Conductor Martin Majkut directing Rogue Valley Symphony performing Beethoven’s Symphony No. 3 “Eroica”

Chef Majkut Serves Up a Winning Feast as Rogue Valley Symphony Opens Its Season

– by Lee Greene

Five years ago when Martin Majkut took over the reigns as Music Director of the Rogue Valley Symphony, he quickly transformed a moribund little local orchestra into a top notch regional symphony orchestra, bringing high energy to the task of running the orchestra and it’s musicians, offering new pieces of music as well as a fresh outlook and insight into the standard classical repertoire, drawing quality musicians into the orchestra and “A” list soloists to join in its performances, and demonstrating an uncanny knack for assembling compelling and exciting concert programs. One might well wonder if he could keep it up after 5 years. Friday evening, when the Symphony launched Masterworks Concert I of the 2014-2015 season, we got the answer, and it was a resounding “YES!” In fact, after 5 years, the Rogue Valley Symphony and their concert program seem to have gotten even better.
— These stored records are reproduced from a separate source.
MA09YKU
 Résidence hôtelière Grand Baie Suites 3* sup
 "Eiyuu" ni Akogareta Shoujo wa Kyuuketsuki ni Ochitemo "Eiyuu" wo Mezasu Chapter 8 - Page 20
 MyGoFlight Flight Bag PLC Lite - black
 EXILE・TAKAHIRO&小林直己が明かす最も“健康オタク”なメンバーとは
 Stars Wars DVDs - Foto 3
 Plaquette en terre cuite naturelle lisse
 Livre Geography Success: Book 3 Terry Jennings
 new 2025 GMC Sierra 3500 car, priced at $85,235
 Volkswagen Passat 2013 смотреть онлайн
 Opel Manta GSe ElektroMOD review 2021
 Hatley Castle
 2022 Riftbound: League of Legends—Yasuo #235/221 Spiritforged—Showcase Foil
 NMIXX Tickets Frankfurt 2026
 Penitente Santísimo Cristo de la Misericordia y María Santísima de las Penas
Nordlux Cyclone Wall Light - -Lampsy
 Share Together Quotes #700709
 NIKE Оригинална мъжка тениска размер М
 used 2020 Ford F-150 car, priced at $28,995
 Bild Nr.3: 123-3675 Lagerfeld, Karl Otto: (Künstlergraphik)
Majkut put together a remarkable program of 3 pieces for this first concert of the season. He began with a contemporary piece, Oaken Sky, by 26 year old composer, Chris Rogerson, who is the hot new commodity now in contemporary composers among major American orchestras. His works have been or will be played recently by the Amarillo Symphony, New World Symphony, Atlanta Symphony Orchestra, New Jersey Symphony, Spokane Symphony Orchestra, Kansas City Symphony, Buffalo Philharmonic Orchestra, and now the Rogue Valley Symphony. Oaken Sky was the perfect piece to open the program, and the new season. At 7 minutes, it was like a delectable appetizer at a fine epicurean restaurant, showing off what the kitchen can do, and whetting the appetite for all that would come after. Rogerson employs the full orchestra: woodwinds, brass, strings, harp, celesta, timpani and a warehouse of various percussion instruments all have significant parts to play, providing opportunities to show off each of the orchestra’s different sections. The piece can best be described as Impressionist Music, setting an atmosphere and conveying mood, rather than presenting a detailed tone-picture. The composer describes the work saying “Imagine it’s night and you are standing under a tree looking at the stars. Some of the light . . . is blurred by the branches . . . . I try to create this “blurry” effect . . . in addition to moments of pure clarity.” While providing a nice taste of what the orchestra can do, the piece is light and airy, just as a good appetizer ought to be.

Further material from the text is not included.